AK Parti ve Başbakan Erdoğan, son dönemlerde Türkiye’nin bütün önemli meselelerinde çözümsüzlüğe saplanmış durumda. Kürt sorununda barışçı çözümü başaramamanın maliyetinin yüksek olacağı zaten biliniyordu. Bugün bu yüksek maliyetin sonuçları kendini bariz şekilde gösteriyor.
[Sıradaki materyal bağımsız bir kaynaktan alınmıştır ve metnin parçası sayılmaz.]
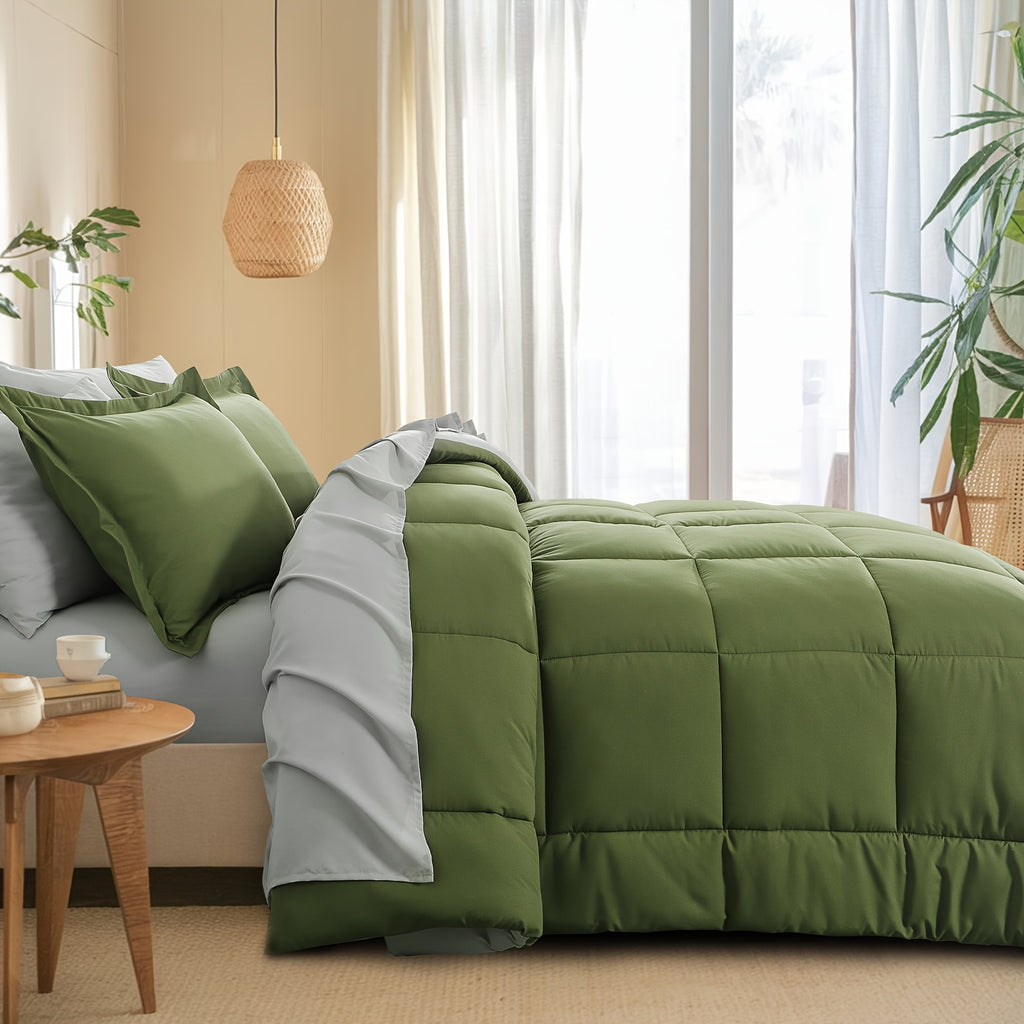 7pcs Luxurious Reversible Bedding, Soft Microfiber, Lightweight, Breathable, Easy to Care for - Includes Comforter, Flat Sheet, Fitted Sheet, And Pillowcases, Perfect As Gifts for The Family, Suitable for All Seasons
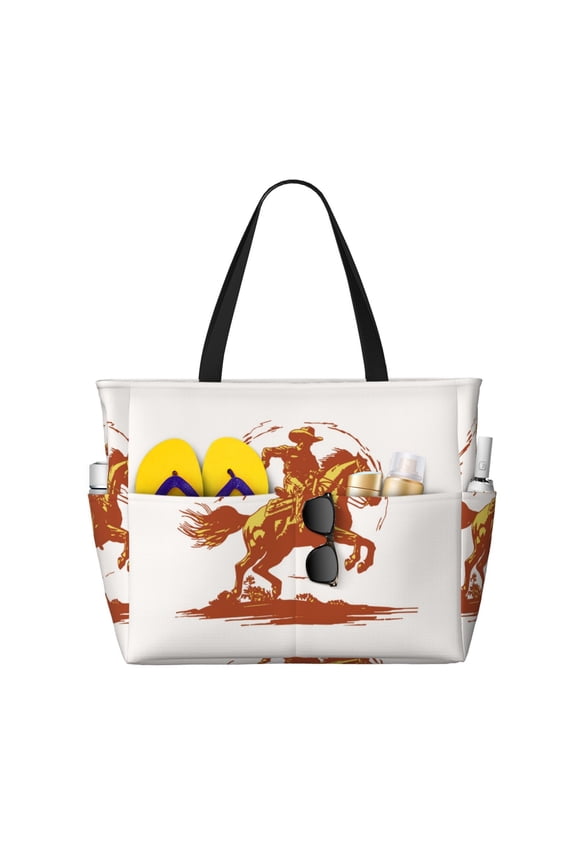 Vintage Cowboy On A Bronco Horse Print Beach Pool Bags Tote for Women Ladies Large Gym Tote Carry On Bag for Weekender Travel Waterproof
Çözümsüzlük, başka bir sürü alandaki reformları engelliyor; Türkiye’de değişimi belli bir noktaya taşıyan AK Parti, türlü kaygılarla demokratikleşme adımlarını atmaktan kaçındığı için, fena halde batağa saplanıyor.
Artık iyice net bir şekilde görünen o ki, Başbakan Erdoğan, bu tıkanmışlığın oy kaybına neden olmaması için çareyi, ülkeyi gerecek, var olan kutuplaşmayı keskinleştirecek tartışmalar yaratmakta buluyor. Siyasi çözüm zemininde sağlayamadığı başarıyı, ülkenin sosyolojik ve kültürel gerçekliğini suiistimal ve ajite ederek devşireceği kitle desteğiyle sağlamayı umuyor.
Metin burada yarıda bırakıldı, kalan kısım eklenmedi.